MATERIAL FOR THIS EXERCISE Block Start

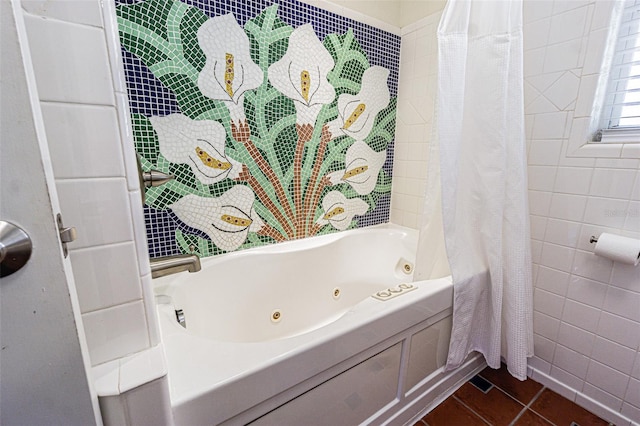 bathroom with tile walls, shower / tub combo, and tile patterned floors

MATERIAL FOR THIS EXERCISE Block End
MATERIAL FOR THIS EXERCISE Block Start

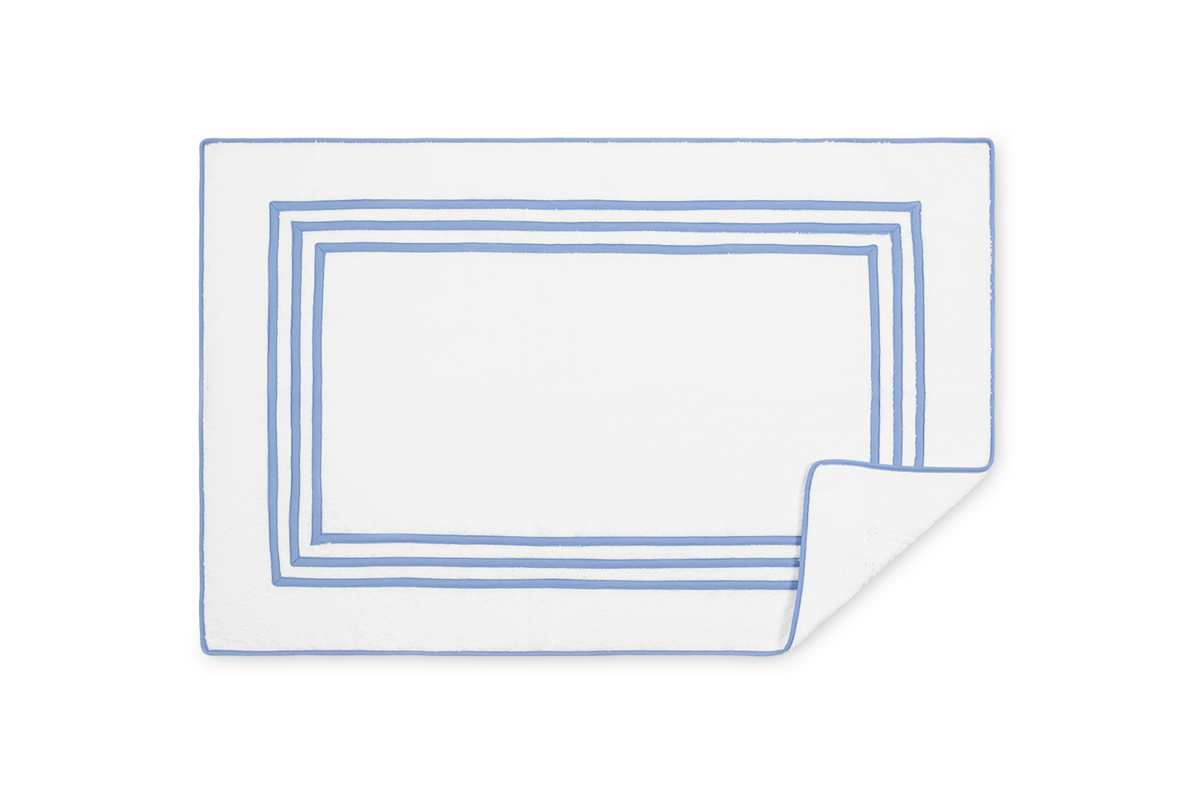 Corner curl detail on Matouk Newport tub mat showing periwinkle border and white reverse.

MATERIAL FOR THIS EXERCISE Block End
MATERIAL FOR THIS EXERCISE Block Start

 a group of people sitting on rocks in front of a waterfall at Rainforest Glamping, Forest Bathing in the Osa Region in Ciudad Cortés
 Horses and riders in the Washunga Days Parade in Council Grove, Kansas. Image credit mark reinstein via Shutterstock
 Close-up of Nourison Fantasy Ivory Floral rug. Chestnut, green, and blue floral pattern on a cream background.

MATERIAL FOR THIS EXERCISE Block End

» **TASK TO COMPLETE**
All lines above between those holding "Horses and riders" and "Close-up of Nourison", inclusive, must be set down unchanged, and no other line may be included.

» **WRITTEN SOLUTION**
 Horses and riders in the Washunga Days Parade in Council Grove, Kansas. Image credit mark reinstein via Shutterstock
 Close-up of Nourison Fantasy Ivory Floral rug. Chestnut, green, and blue floral pattern on a cream background.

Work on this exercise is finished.